I am applying communications ideas to
your question. If you will respond, then
maybe we can make progress.
1) You have a great deal of practice on this topic regarding Dr. Dick's paper. The most recent
post contains a fairly direct approach to
discerning its degree of readiness as a tool.
Question: Will you please parse out a few steps?
Without deleting anything, please add a few MORE transitional sub-topic sentences announcing the significance of each paragraph.
2) A few questions about your words and phrases:
"try to figure this out:"
Shall I look for errors, or terms needing more precise definition, or what?
"Dr. D. has a set of: arbitrary sized groups each of arbitrary numbers."
By "arbitrary," do we mean "randomly selected?"
"He wants the members of his set of "observations" (groups of numbers) to be free to be smaller or larger than each other or to be "identical" to each other.
(In actual fact, if something is "plural", it is already a series of unique items, or you couldn't talk of "many" at all)."
I do not see the point of connection between those two paragraphs.
"He adds so-called "unknown data" to each observation to allow for the possibility that some are smaller than others or some look the same as others within the limits of his view. But he overlooks? that his so-called "unknown data" must be complementary to what is in his sets."

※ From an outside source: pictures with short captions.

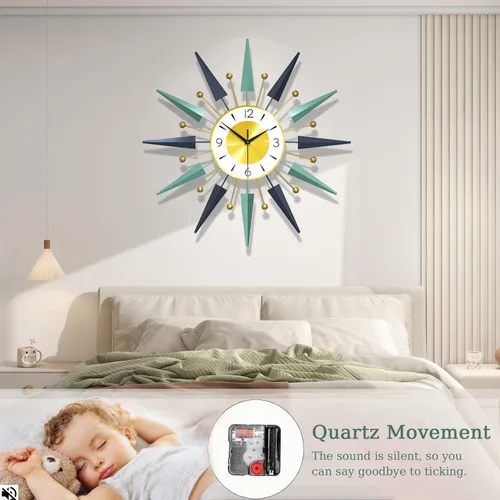 Vista 7 de Reloj de pared de 24 pulgadas, reloj de pared grande para decoración de sala de estar, reloj de estrella en explosión, gran decoración moderna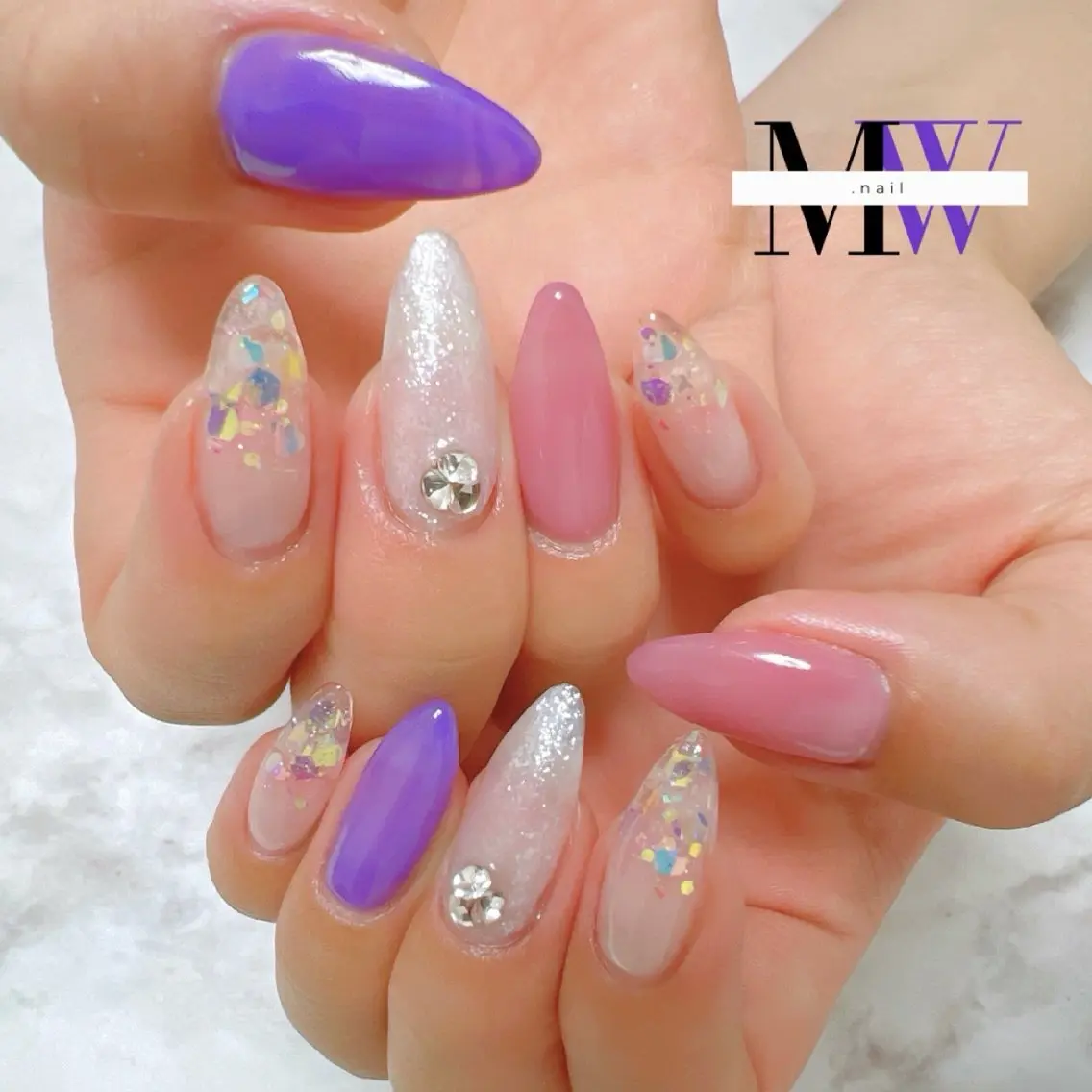 ネイル ラメ(グリッター) ハンドネイル MW .nailのネイルデザイン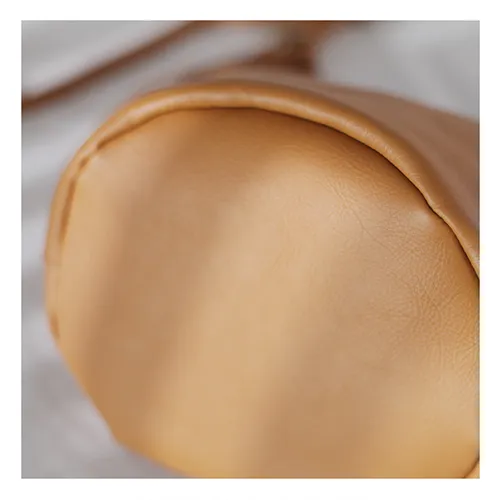 Fashion Womens Brown Leather Bucket Shoulder Bag Soft Leather Zipper White Tote Bucket Crossbody Bag Side Purse
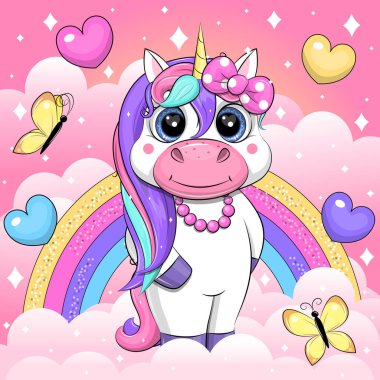 Gökyüzünde gökkuşağı renkli kalpleri, kelebekleri ve bulutları olan şirin tek boynuzlu at çizgi filmi. Pembe arka planda yıldızlı beyaz bir hayvanın vektör çizimi.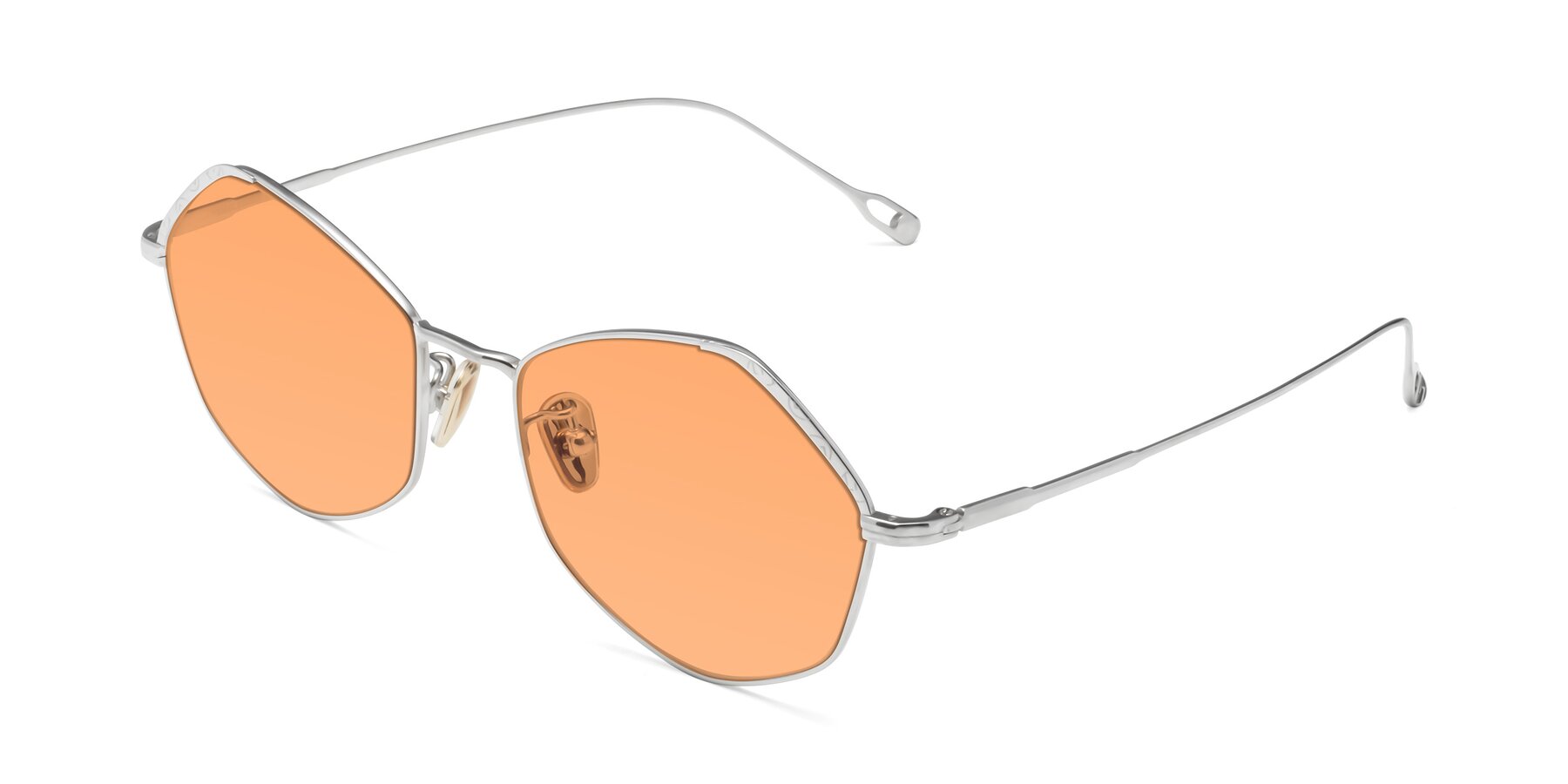 Angle of Phoenix in Silver with Medium Orange Tinted Lenses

a) Were these unknowns added before, or after, the sequence of "observations" was put in their sequence?
b) If the unknowns are added before the sequencing, we have less of a problem. The other choice, "after," says we have added an unknown to an unknown and changed the sequence...and we now do not know what the sequence has become.

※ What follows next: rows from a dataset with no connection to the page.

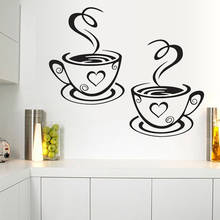 Coffee Cups Wall Sticker 2 Pieces/Set Vinyl Decal Kitchen Decoration Mug Personalized Home Decor Calix Art Mural Removable 2024 - buy cheap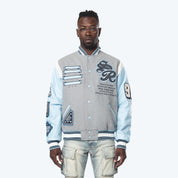 Studded Patched Varsity Jacket - Heather Grey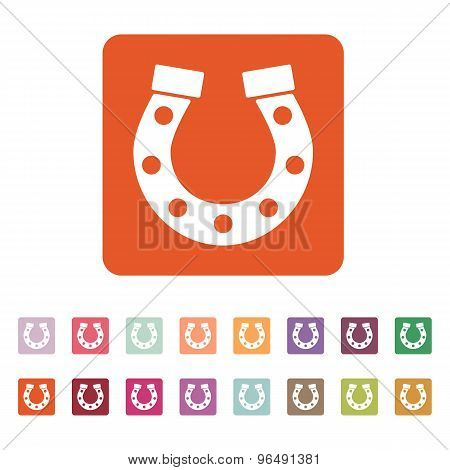 The horseshoe icon. Horse and races symbol. Flat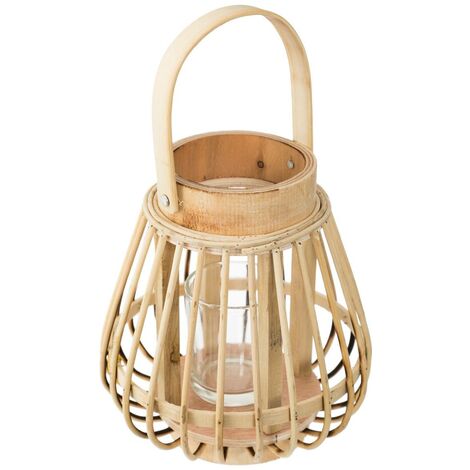 ATMOSPHERA Lanterna LED Decorativa H28 Cm - Lanterna In Vetro E Polistirolo Con Luci LED Per Interni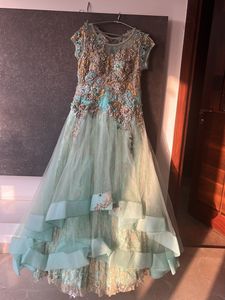 Engagement Gown With Applique Work Embroidery
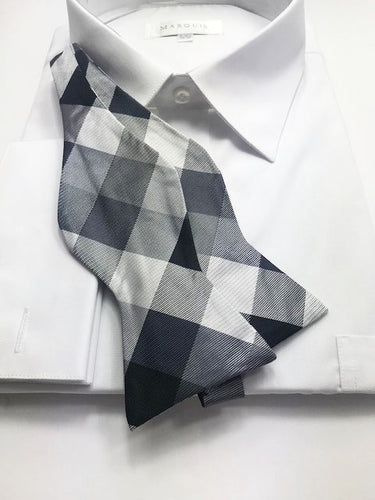 Black and silver pattern bow tie set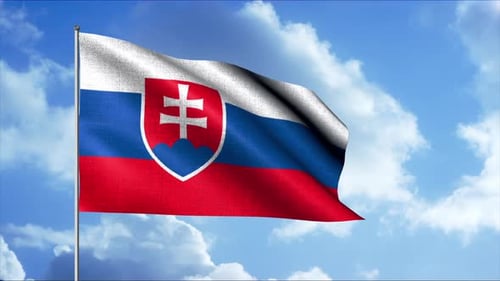 Realistic Slovakia Flag Waving Seamless Loop Against Blue Sky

"E.g. if you have two observations: (5,5,5,5) and (5,5,5,5) you might add a 6 to the first one so you get (5,5,5,5,6). But if you already had somewhere a (5,5,5,5,6) then you have just gone and muddled your supposedly newly-uniquely identified observation with one of your others."

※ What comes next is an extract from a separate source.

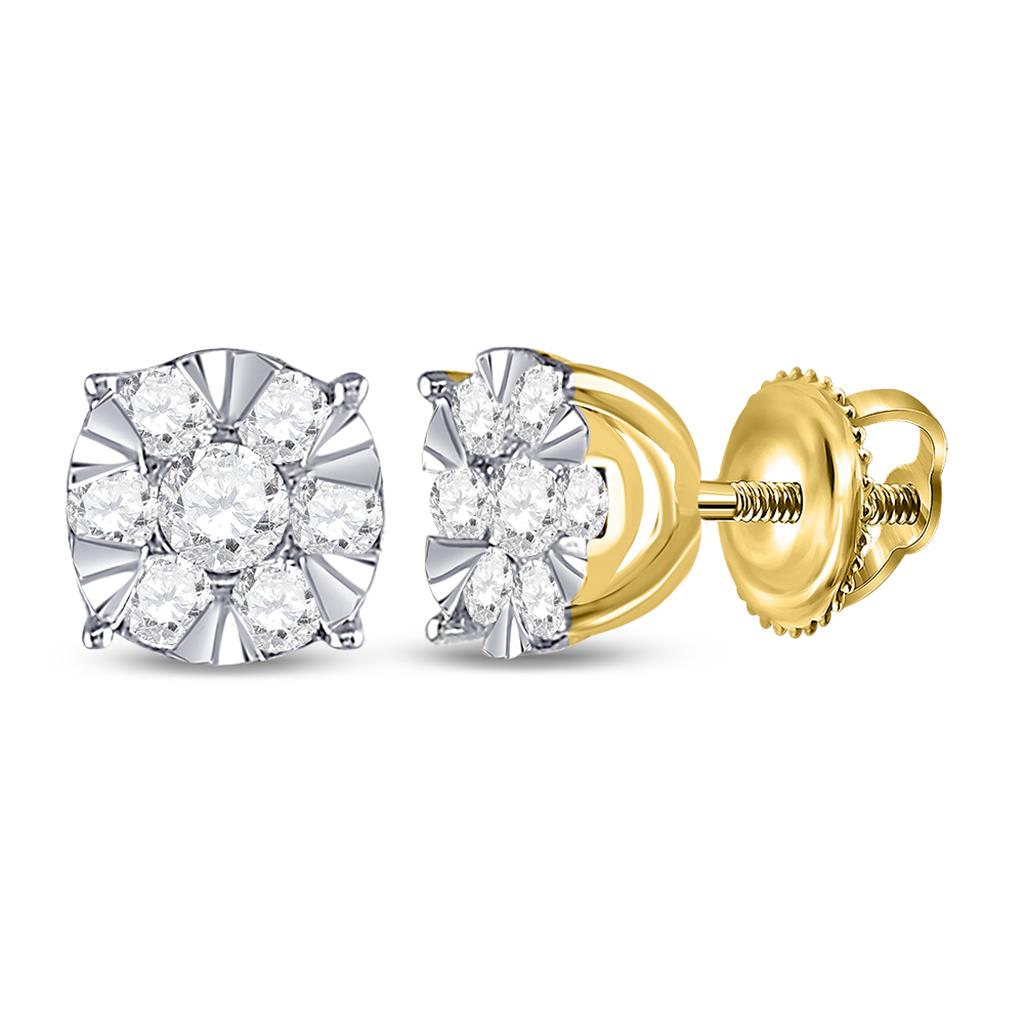 Image of ID 1 14k Yellow Gold Round Diamond Fashion Cluster Earrings 1/2 Cttw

Could you explain it with U=unknown and the sequence as U1-1, U2-1, U3-1, U4-1
where the first number tells the sequence and
the number after the hyphen tells which version
of the sequence we mean? For example, if you add another unknown to U2-1, it will aways be U-2
which we could call U-2a for (Unknown2 with added unknown)?
And you could describe the new sequence after adding unknowns. If what I have just said seems incomplete to you, please tell me where.
Then I would understand better what you meant.
"Any rule must involve either a unique order or many possible orders but leaving at least one order free."
What is the significance of "at least one order free?" Is it to provide an exception case?